● EXERCISE PROMPT
First find the line with "G3 Ferrari Pizza", then reproduce it and all following lines of the data to the end, exactly and with no pictures, adding nothing.

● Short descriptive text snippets
_____

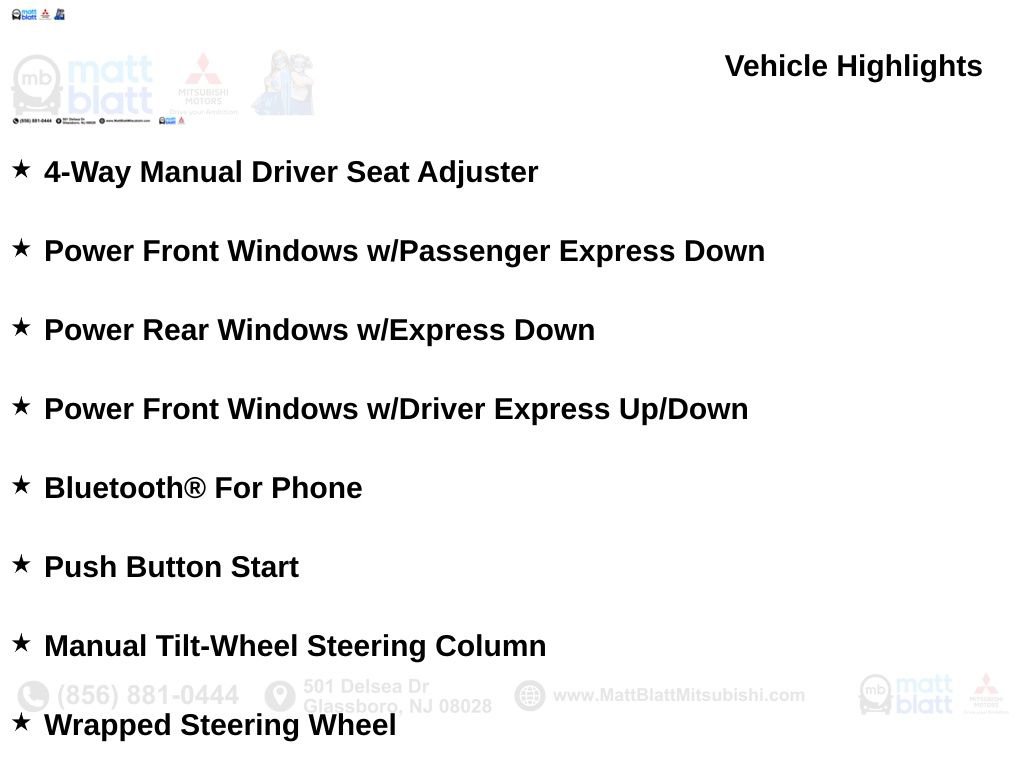 Used 2024 Chevrolet Silverado 3500 LT image 9
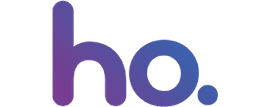 Ho. Mobile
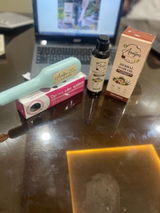 Sellaro Kwl review photo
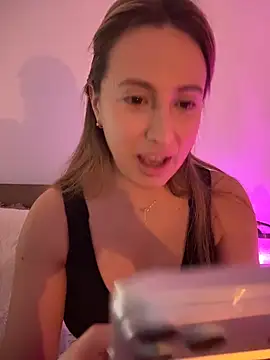 Eva_Ryen Live XXX-Chat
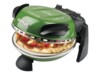 G3 Ferrari Pizza Express Delizia Pizza ovn 1.2kW Grøn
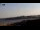 Webcam in Lagos, 30.8 km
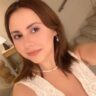 Ayşe Pelin Yaman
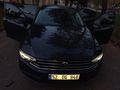 Sahibinden Volkswagen Passat 1.5 TSi Impression 2020 Model 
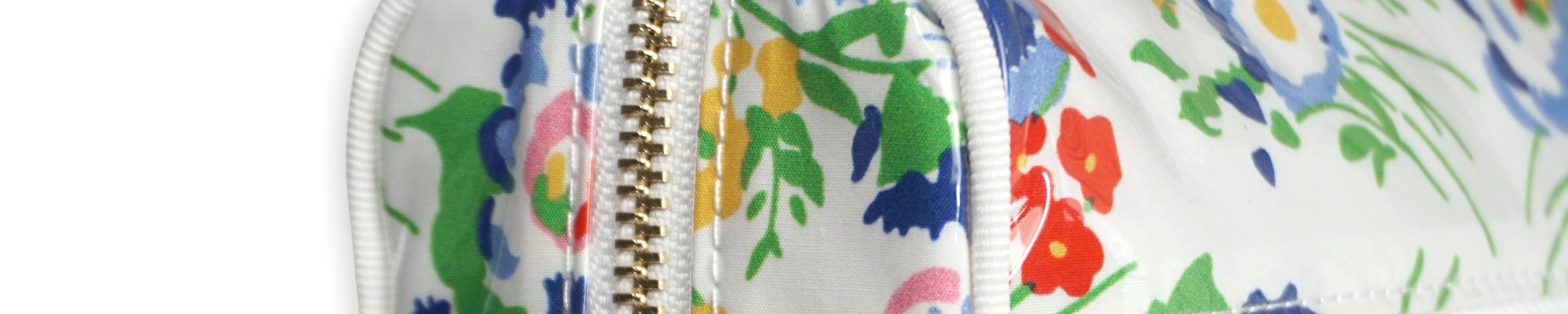 Cosmetic Bags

_____

● RESULT
 G3 Ferrari Pizza Express Delizia Pizza ovn 1.2kW Grøn
 Webcam in Lagos, 30.8 km
 Ayşe Pelin Yaman
 Sahibinden Volkswagen Passat 1.5 TSi Impression 2020 Model 
 Cosmetic Bags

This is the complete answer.